Performance, part 4

2025-10-15

In Part 1 and Part 2 of our performance series, we detailed how we boosted system responsiveness by engineering smaller, parallel requests, and initiating them early.

Another factor influences latency: the physical distance from the user to the servers.

Where should the servers be located?

Across the globe, round-trip delays typically range from 30 to 500 milliseconds. This is significant, especially in chains of sequential requests, when these delays accumulate and degrade the user experience.

Theoretically, the best way to minimize latency is to deploy servers across multiple continents, ensuring each user connects to the nearest instance.

The Cool Maze backend is deployed in a single region. This choice is less complex and less expensive than a multi-region setup. As a consequence, users farther from that region may experience higher latency on some HTTPS requests.
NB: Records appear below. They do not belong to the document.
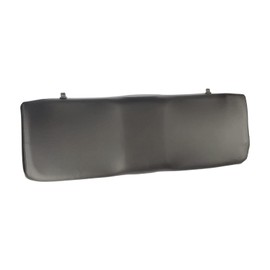 Quad Logic Replacement All-Weather Vinyl Base Seat Cover Replacement for Polaris Ranger 500 700 800 Full Size (2009-2014) - Cover Only - Made in The USA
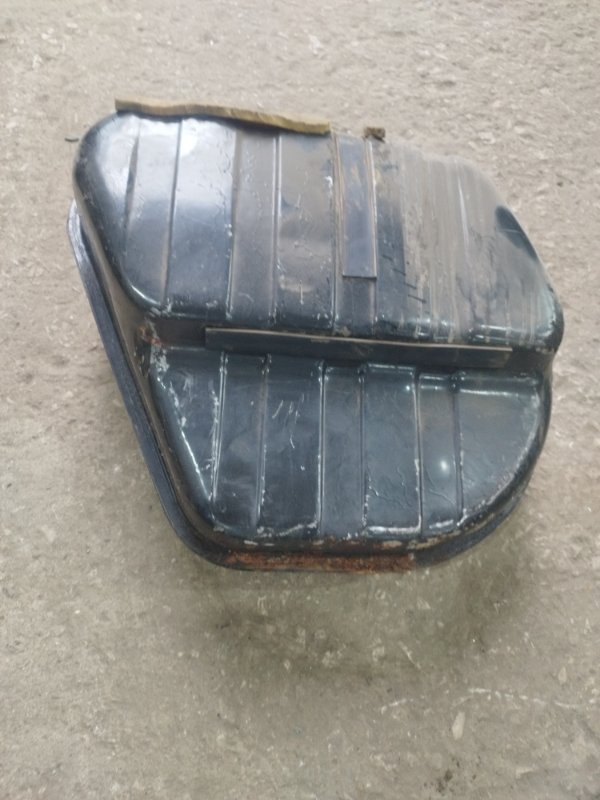 Бак топливный лада 21053 1997 2105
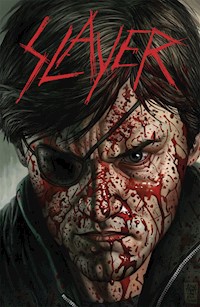Slayer: Repentless - Jon Schnepp - E-Book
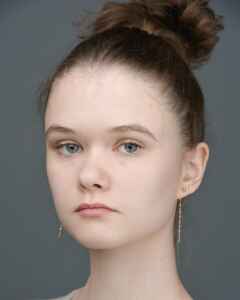 Анна Марчук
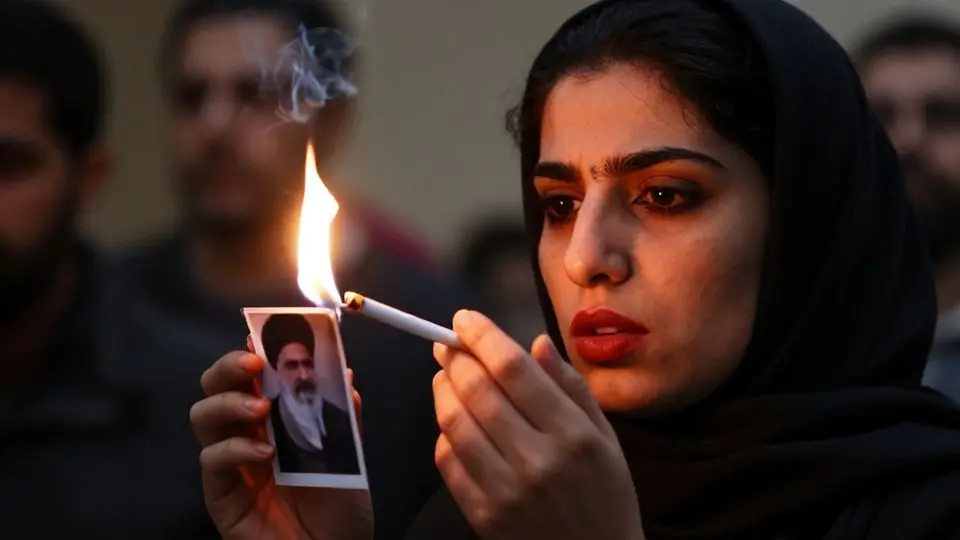 금기를 깨뜨린 상징적 저항의 순간들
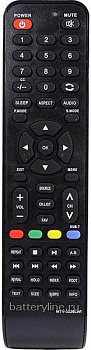 Пульт MYSTERY MTV-3226LWI [TV-LCD]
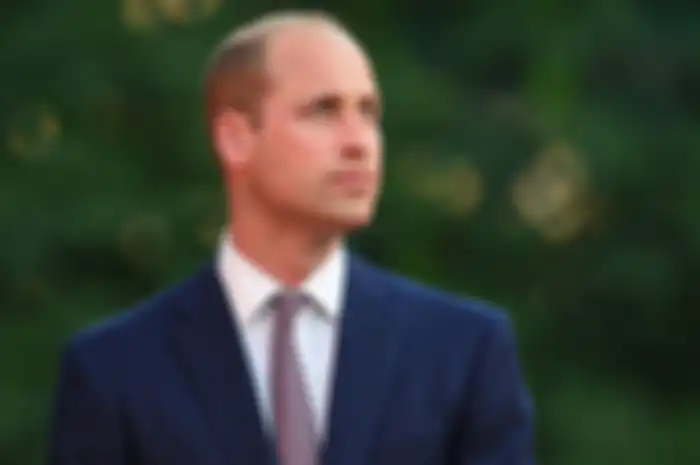 Prince William
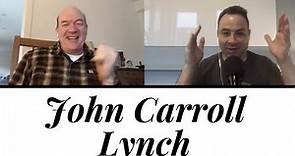John Carroll Lynch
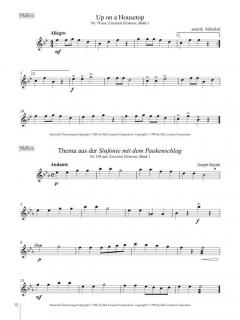 Starke Töne - Schlagzeug von Gert Bomhof 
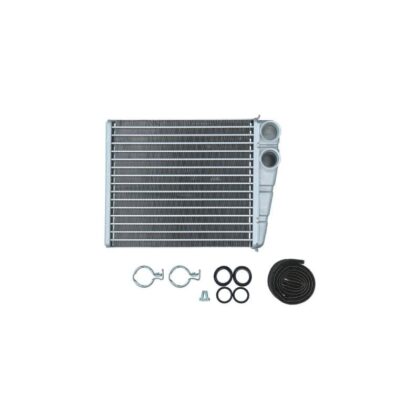 رادیاتور بخاری بنز b200 اتاق w245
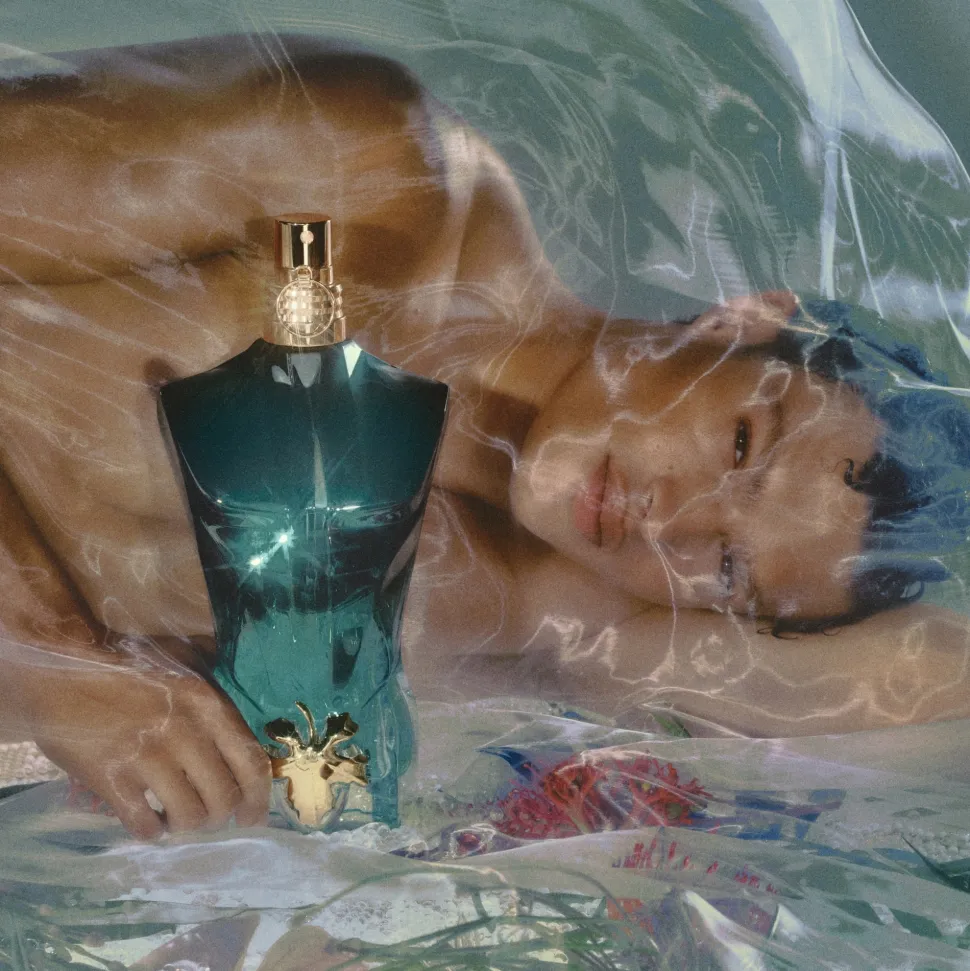 Jean Paul Gaultier Le Beau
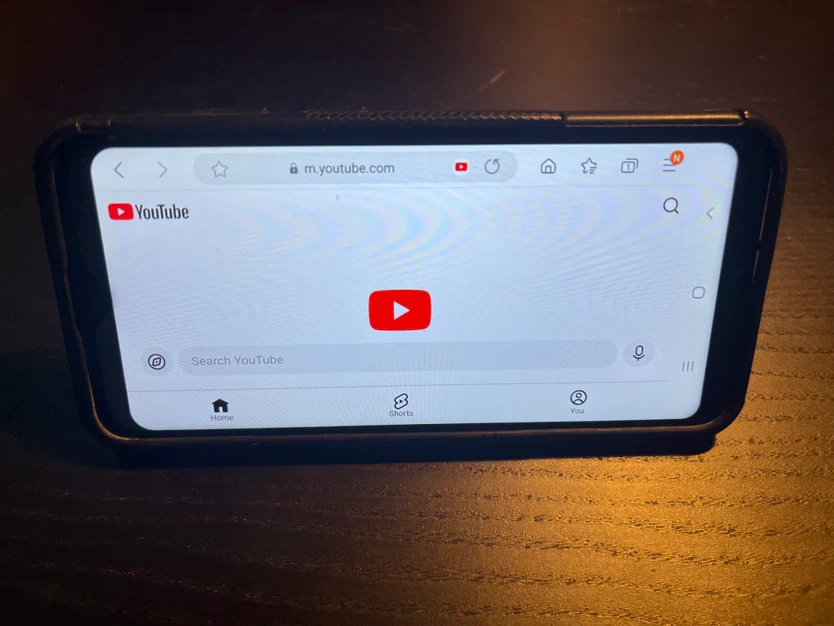 Samsung Galaxy A10e - photo 4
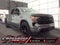 2026 Chevrolet Silverado 1500 2WD Crew Cab Short Bed Custom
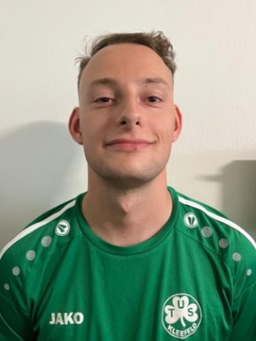 Avatar Bild für Leon Lehmann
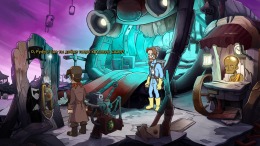 Deponia Doomsday  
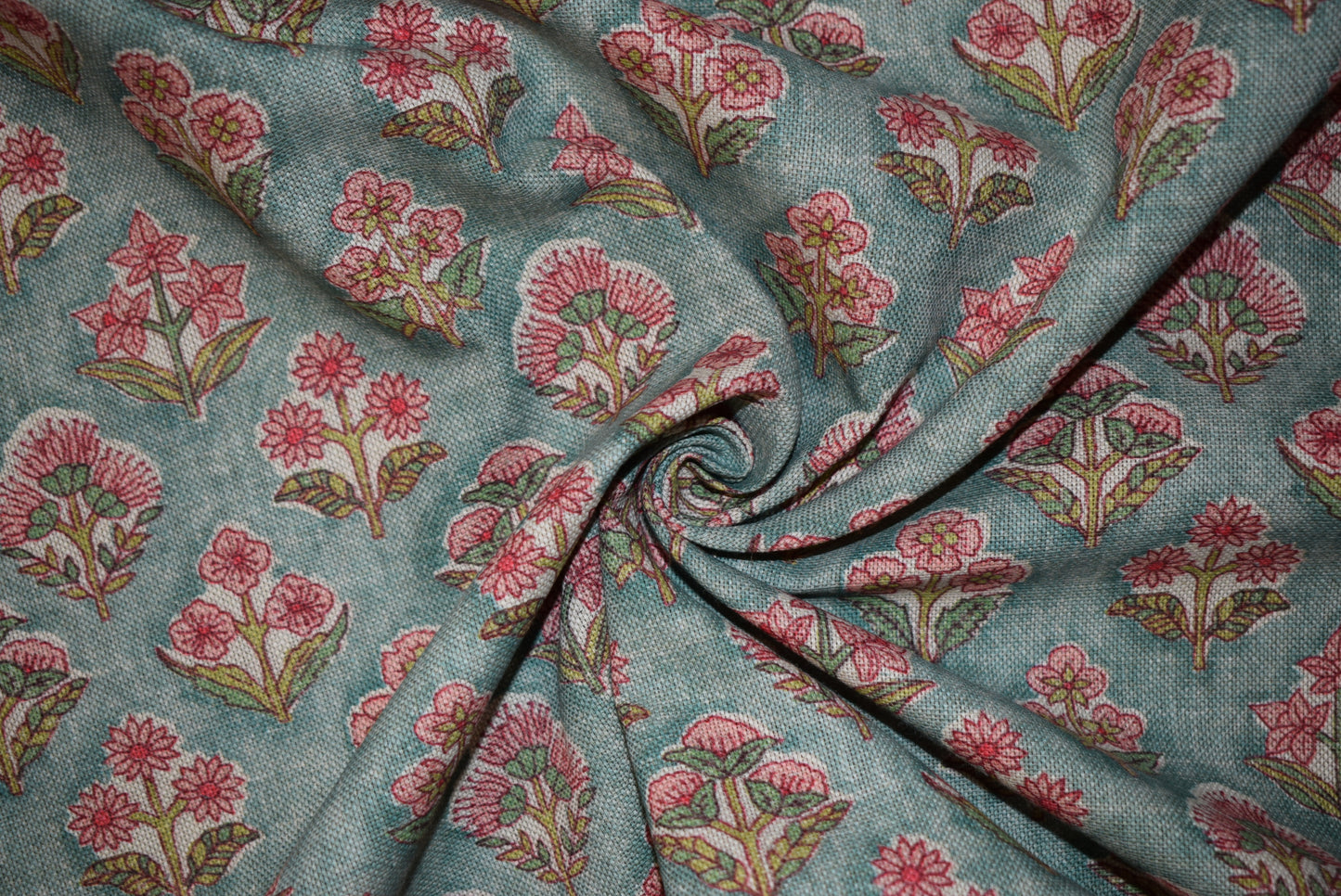 'Indira'  -  2 colourways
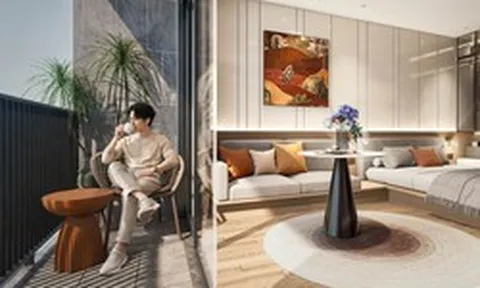 Digital home - định nghĩa mới về không gian sống của thời đại số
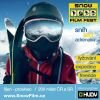 Ponuka pre školy: Snow film fest 2016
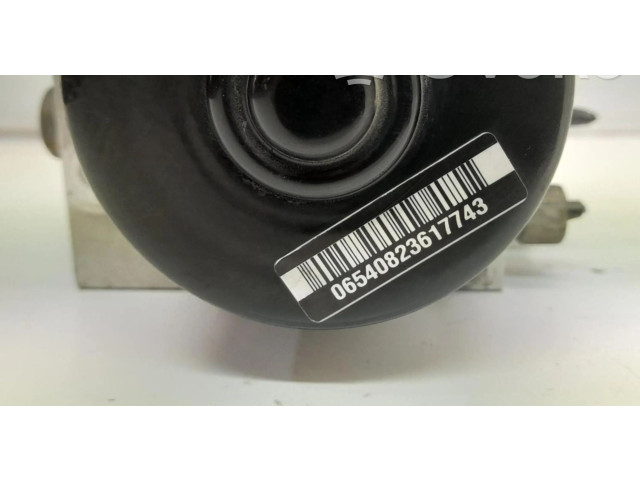 Jednotka ABS P04721427AK   Chrysler Voyager 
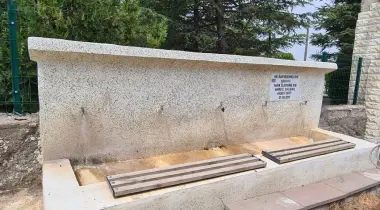42-08, 42775, Yeşilyurt, Kulu, Konya, Türkiye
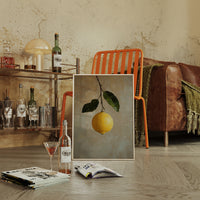 Gallery image 5 for AL0099 - Premium Art Print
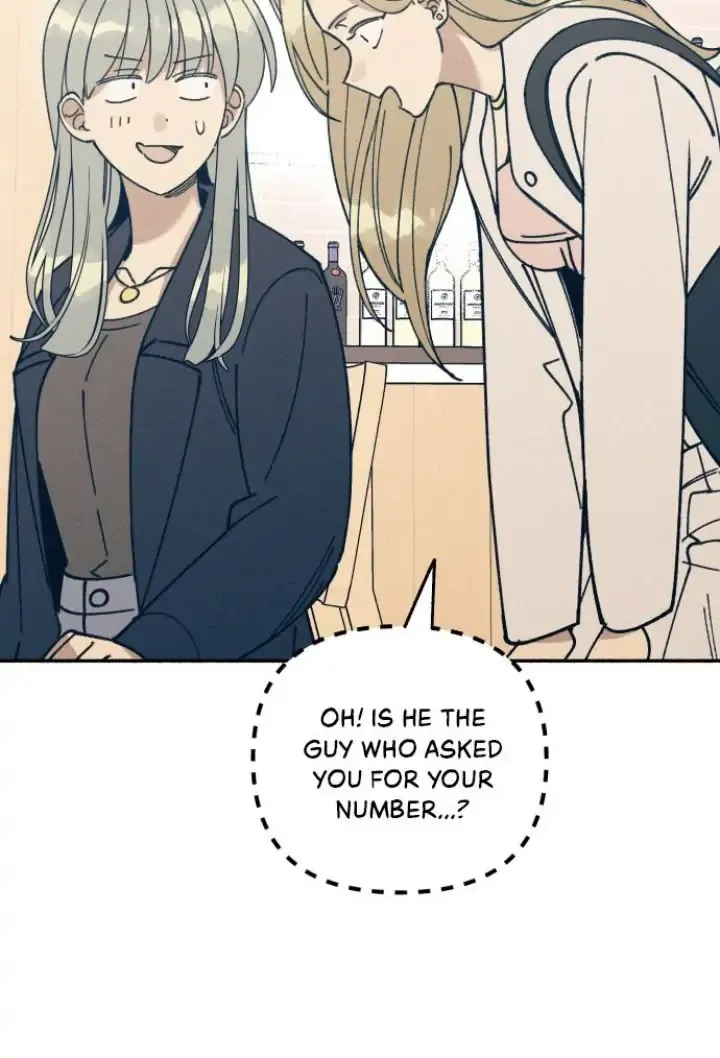 My First Love Hate Chapter 11 page 38 - 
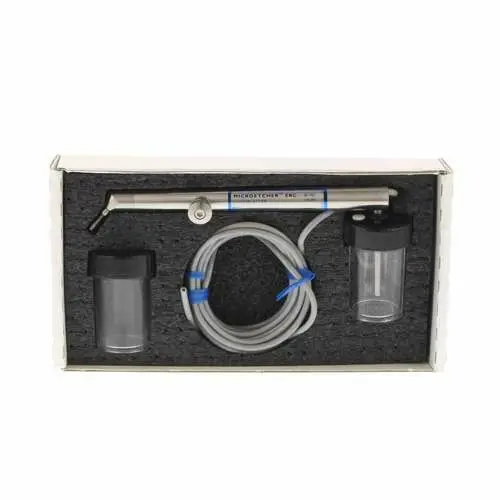 MicroEtcher ERC Laboratory Sandblaster, 1/Pk, 21000-03 thumbnail 12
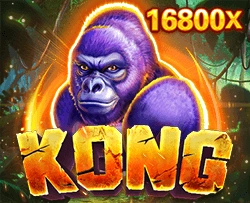JDB : Kong - SPINBET123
Surprisingly, geographic distance has had less impact on performance in practice than other optimization opportunities, such as:

Minimizing the total number of requests
Reducing the payload size, by resizing images
Running requests in parallel whenever feasible
Starting requests as early as possible
Using heuristics to pre-start likely requests ahead of time

As a result, by the time a user scans a QR code, many background requests have already completed — often including the upload itself. Only the very last requests contribute a small, residual delay to what the user perceives as system responsiveness.